The listing is to be reproduced exactly, excluding its pictures.

Input records:
Content starts
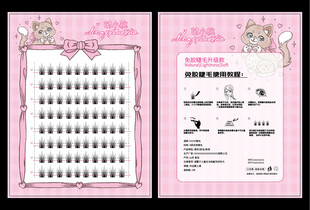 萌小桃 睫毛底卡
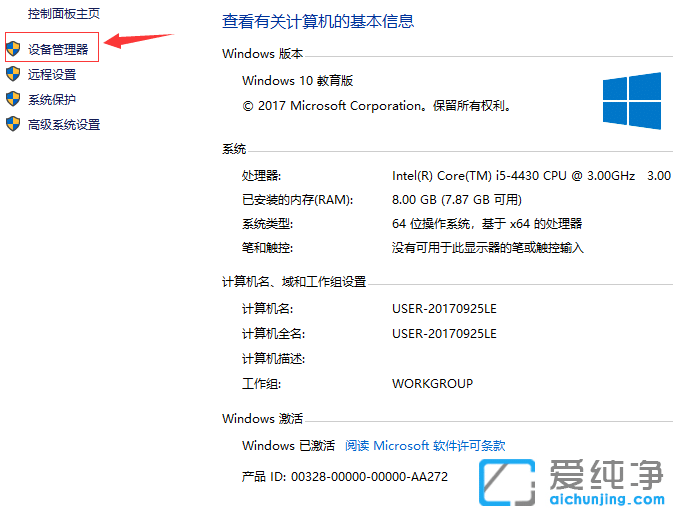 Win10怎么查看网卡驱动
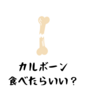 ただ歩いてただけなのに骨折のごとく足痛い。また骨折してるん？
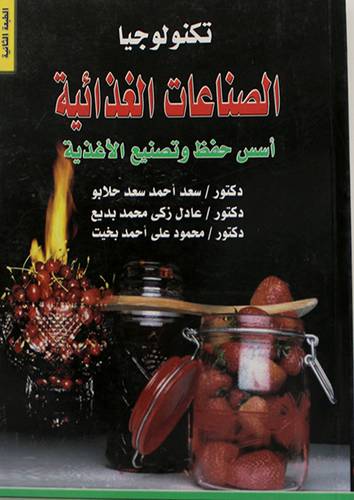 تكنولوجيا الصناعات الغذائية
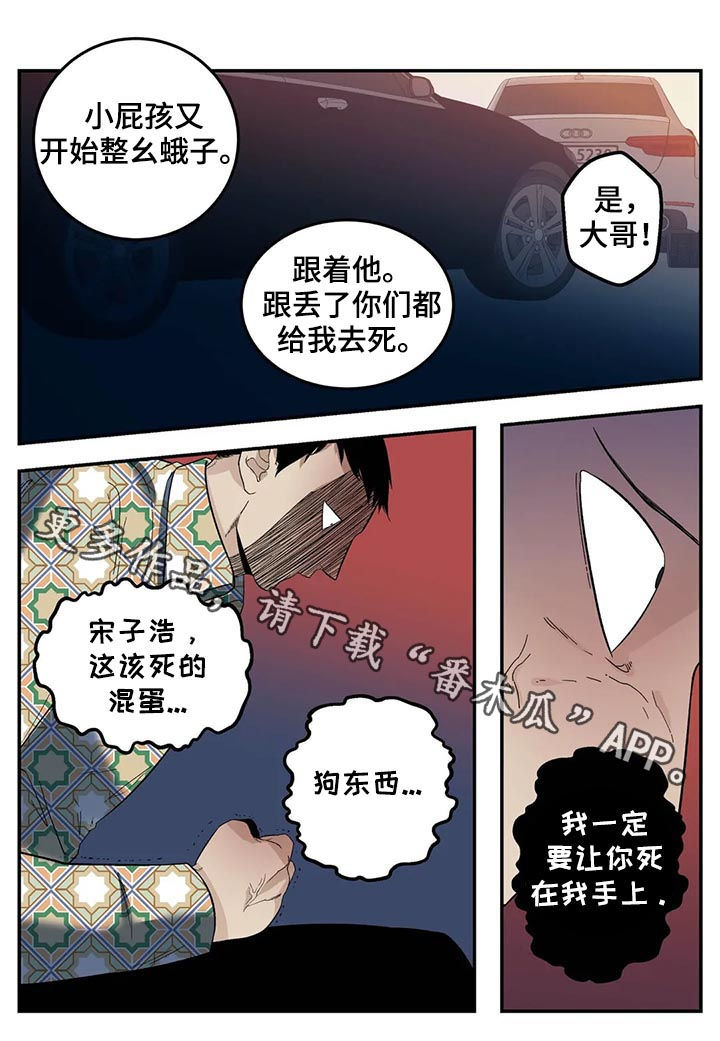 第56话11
Content ends
Your solution:
 萌小桃 睫毛底卡
 Win10怎么查看网卡驱动
 ただ歩いてただけなのに骨折のごとく足痛い。また骨折してるん？
 تكنولوجيا الصناعات الغذائية
 第56话11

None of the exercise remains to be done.